A man opens a coat, showing packs of Pokémon cards inside.

I had a Pokémon card addiction back in 1999.

I used to get £10 a month pocket money from my grandmother and, more often than not, that crisp note would be immediately exchanged for four crinkly blue and silver booster packs that I'd rip straight open. I paid £10 once for a shiny Charizard card to complete the Base set. It's still sat in the binder I placed it in a quarter of a century ago.

Pokémon has been in and out of my life ever since. It made a major comeback in 2016 when Pokémon Go launched, and then again more recently when my young son discovered the TV show. I often watch it with him. I don't recognise all the Pokémon, but I'm pleased to see Ash hasn't aged a day.

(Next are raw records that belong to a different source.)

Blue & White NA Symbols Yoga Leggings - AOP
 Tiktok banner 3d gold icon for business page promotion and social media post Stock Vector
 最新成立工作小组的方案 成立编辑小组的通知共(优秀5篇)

Then, a few weeks back, my son came home with some Pokémon cards. They were in a small pack that came free with a magazine. I recognised a couple of the newer ones, Rowlet and Dedenne, along with a Seel I remembered from back in the day. The nostalgia hit me hard, so I decided to buy some boosters that we could open together.

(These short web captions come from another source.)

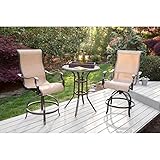 Hanover Manor 3-Piece High-Dining Set with 2 Contoured Swivel Chairs and a 30 in. Counter-Height...
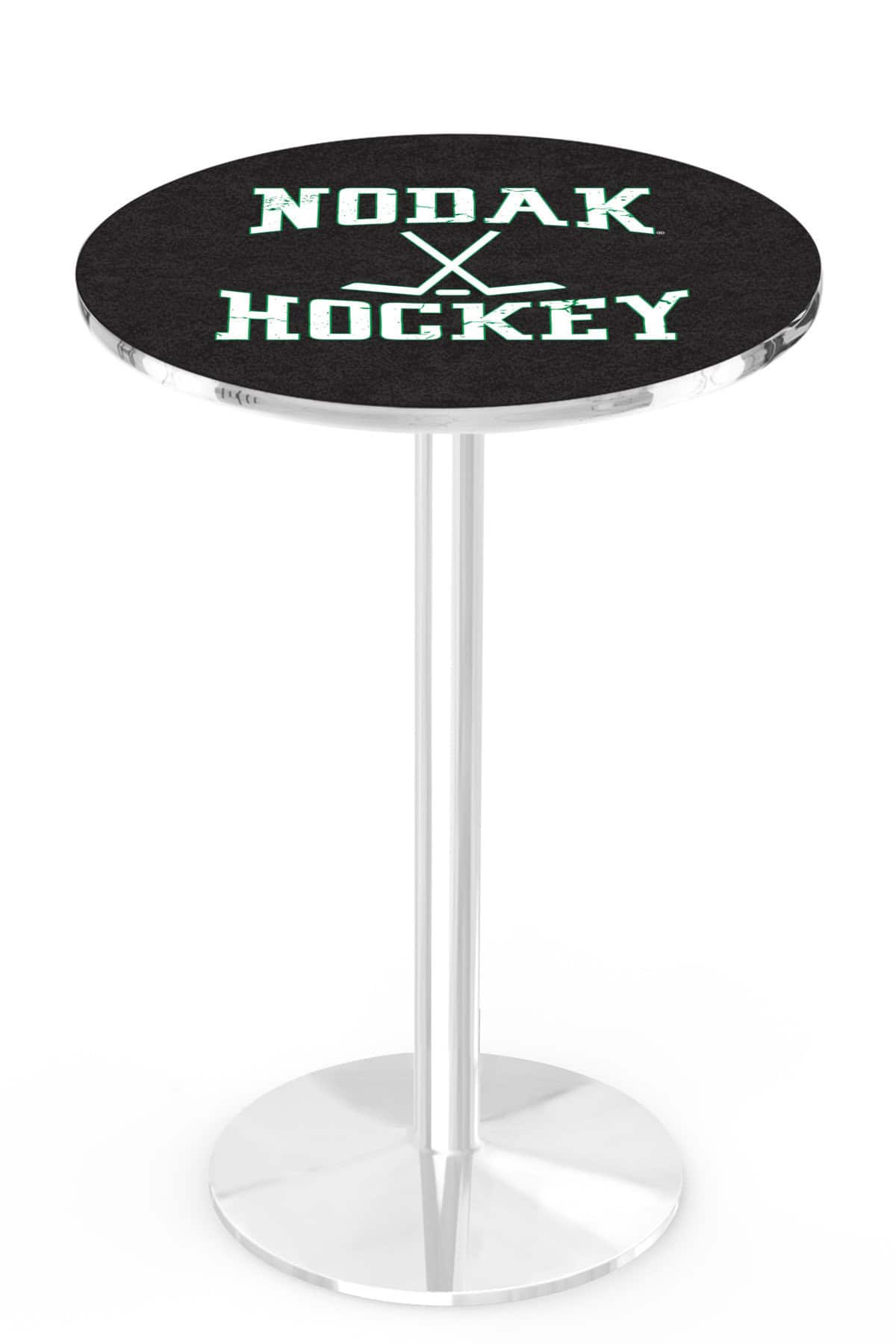 University of North Dakota (Hockey) 36-Inch Pub Table with 30-Inch Top, Round Base Base, and Chrome Finish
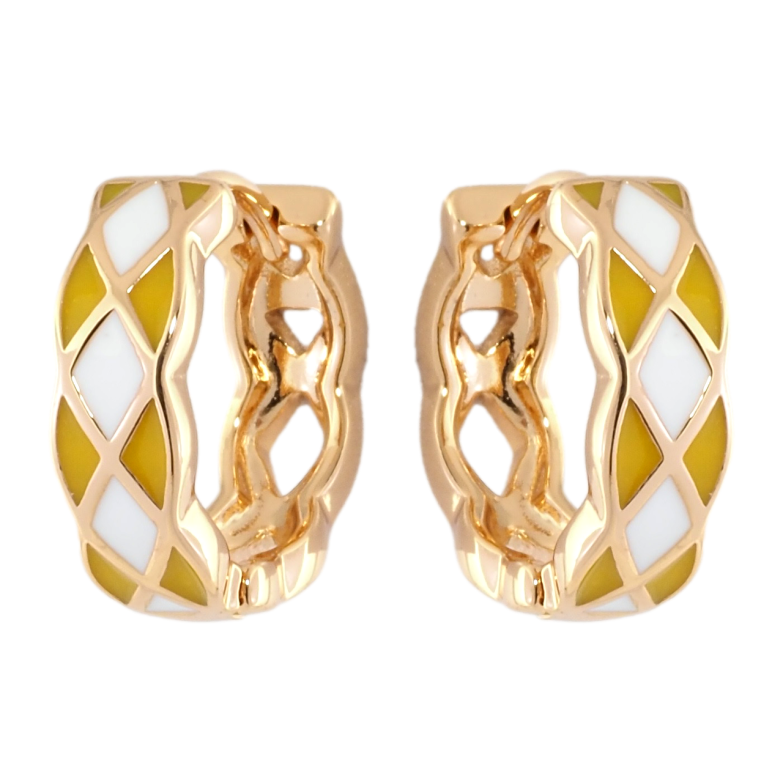 Сережки Xuping Позолота 18K колечка Візерунок жовто-білою емаллю фото №2 Сережки Xuping Позолота 18K колечка Візерунок жовто-білою емаллю фото №2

I fired up Amazon, thinking that would be the quickest way to find some — only to be slightly confused when I saw the site's yellow "Buy" button had been replaced with a button reading "Request an Invite". I clicked it, dug into exactly what it meant, and soon discovered Pokémon card collecting in 2026 is a very, very different hobby to what it was in the late nineties.

A screenshot from an Amazon product page showing a box of Pokémon cards.
Amazon's "Request an Invite" option shows up instead of the "Buy" button for Pokémon cards. Credit: Amazon

The short version? It's currently extremely hard to buy Pokémon card packs for retail price. This probably won't come as a surprise to present-day collectors, but for someone who hasn't bought any since my teenage years, it was unexpected. I managed it in the end, but it took me two weeks, multiple supermarket visits, online lotteries, and a final stroke of luck.

The frustrating quest to find Pokémon cards in stores

Amazon's "Request an Invite" system essentially enters you into a lottery. A couple of times a week invites are sent out, enabling some lucky customers to buy the cards they requested (in two weeks I received no invites). Once I realised the process might be a slow one, I turned my attention to other IRL retailers. Pokemon Trading Card Game has an official site listing stores, and I learned through Reddit's r/PokemonDealsUK sub (I live in the UK) that other people were having some success in supermarkets like Sainsbury's, Tesco, Morrisons and ASDA.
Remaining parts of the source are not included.